在对候选小分子药物与蛋白质的亲和力进行排序时,最广泛使用的基于结构的技术包括速度较快但可靠性较低的对接方法,以及速度较慢但精度较高的显式溶剂自由能方法。近年来,我们推进了另一种技术,这种技术被称为 "挖掘最小值",因为它通过识别和描述自由和结合分子物种的主要局部能量最小值,"挖掘 "出它们对化学势的主要贡献。本研究对 VeraChem Mining Minima Generation 2(VM2)代码中实现的挖掘最小值的准确性和计算速度进行了系统的基准测试,测试范围是两个广受认可的蛋白质配体基准数据集,这些数据集已经有对接、自由能和其他计算方法的基准数据。一个核心结果是,VM2 的精确度接近显式溶剂自由能方法,而计算成本却低得多。在更精细的分析中,我们还研究了各种运行设置(如晶体学水分子的处理)对准确性的影响,并确定了在亚马逊网络服务(AWS)计算实例上使用各种 CPU 和 GPU 组合进行代表性运行的时间和金钱成本。我们还利用基准数据确定了 VM2 对每个能量井从广义玻恩到有限差分泊松-波尔兹曼结果进行修正的重要性,并发现这种修正以适度的计算成本显著一致地提高了精度。目前的研究结果确立了 VM2 在早期药物发现领域的独特技术地位,它是效率和预测性的有力结合。
本文章由计算机程序翻译,如有差异,请以英文原文为准。

Rapid, Accurate, Ranking of Protein-Ligand Binding Affinities with VM2, the Second-Generation Mining Minima Method.
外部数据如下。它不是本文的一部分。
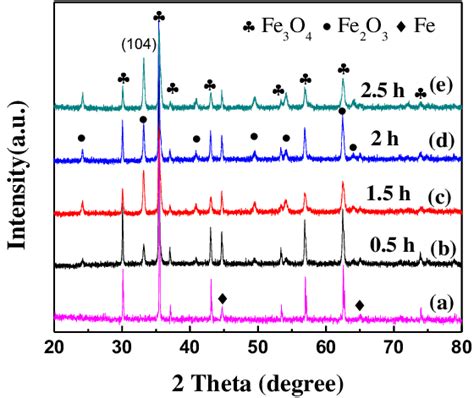 Xrd Patterns Of A The As Prepared Sample And The Annealed Sample At Download Scientific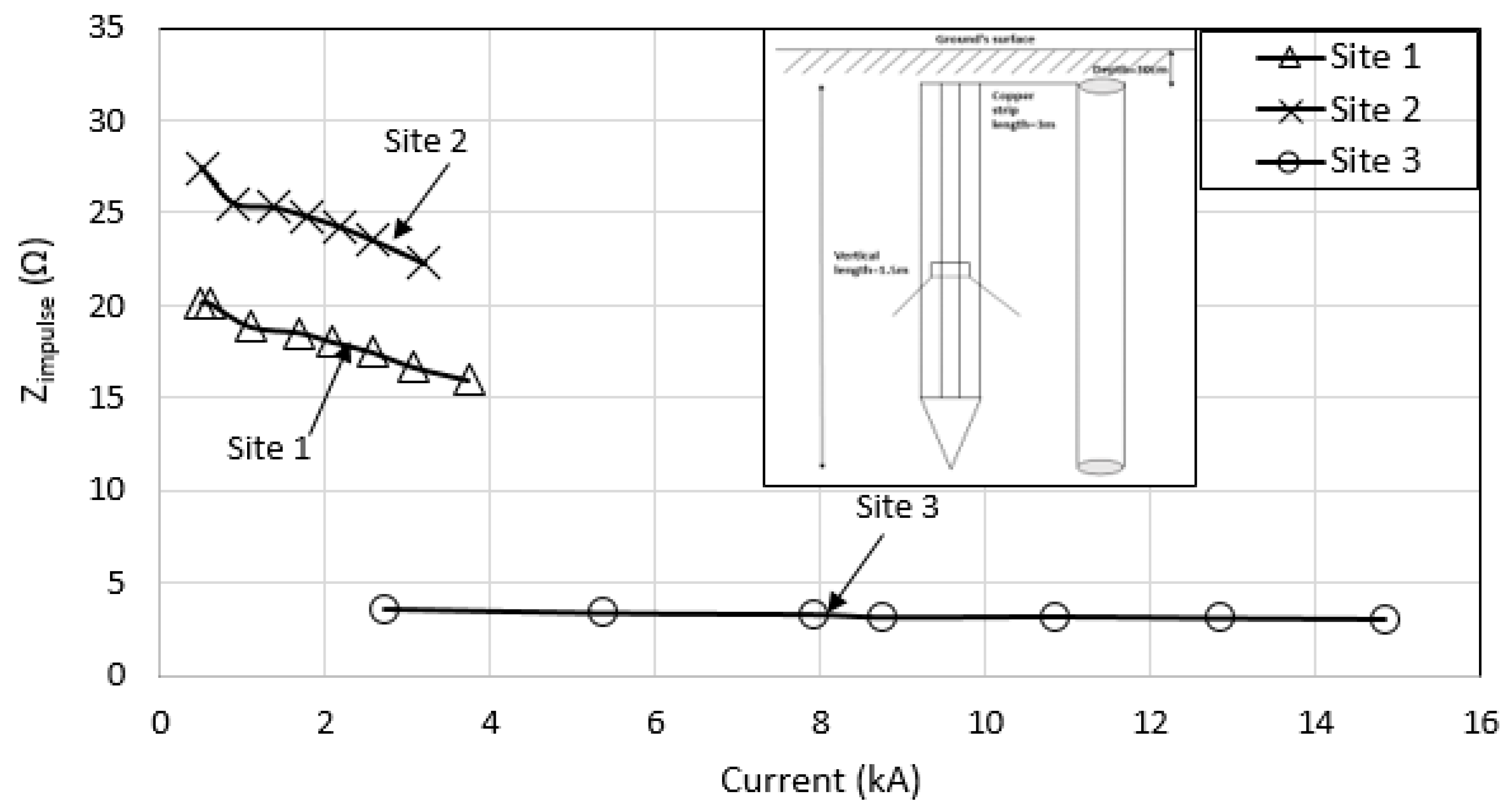 Energies 13 03538 g030 Energies 13 03538 g030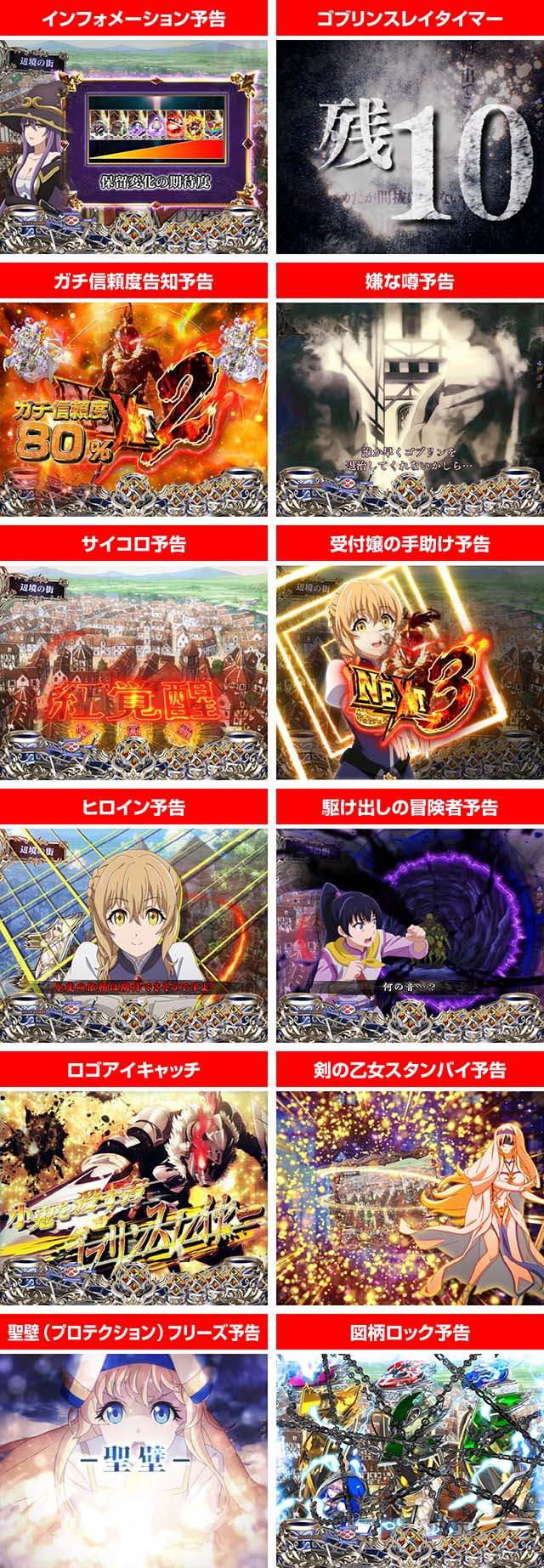 Pゴブリンスレイヤー（パチンコ）スペック・保留・ボーダー・期待値・攻略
Rapid, Accurate, Ranking of Protein-Ligand Binding Affinities with VM2, the Second-Generation Mining Minima Method.

The structure-based technologies most widely used to rank the affinities of candidate small molecule drugs for proteins range from faster but less reliable docking methods to slower but more accurate explicit solvent free energy methods. In recent years, we have advanced another technology, which is called mining minima because it "mines" out the main contributions to the chemical potentials of the free and bound molecular species by identifying and characterizing their main local energy minima. The present study provides systematic benchmarks of the accuracy and computational speed of mining minima, as implemented in the VeraChem Mining Minima Generation 2 (VM2) code, across two well-regarded protein-ligand benchmark data sets, for which there are already benchmark data for docking, free energy, and other computational methods. A core result is that VM2's accuracy approaches that of explicit solvent free energy methods at a far lower computational cost. In finer-grained analyses, we also examine the influence of various run settings, such as the treatment of crystallographic water molecules, on the accuracy, and define the costs in time and dollars of representative runs on Amazon Web Services (AWS) compute instances with various CPU and GPU combinations. We also use the benchmark data to determine the importance of VM2's correction from generalized Born to finite-difference Poisson-Boltzmann results for each energy well and find that this correction affords a remarkably consistent improvement in accuracy at a modest computational cost. The present results establish VM2 as a distinctive technology for early-stage drug discovery, which provides a strong combination of efficiency and predictivity.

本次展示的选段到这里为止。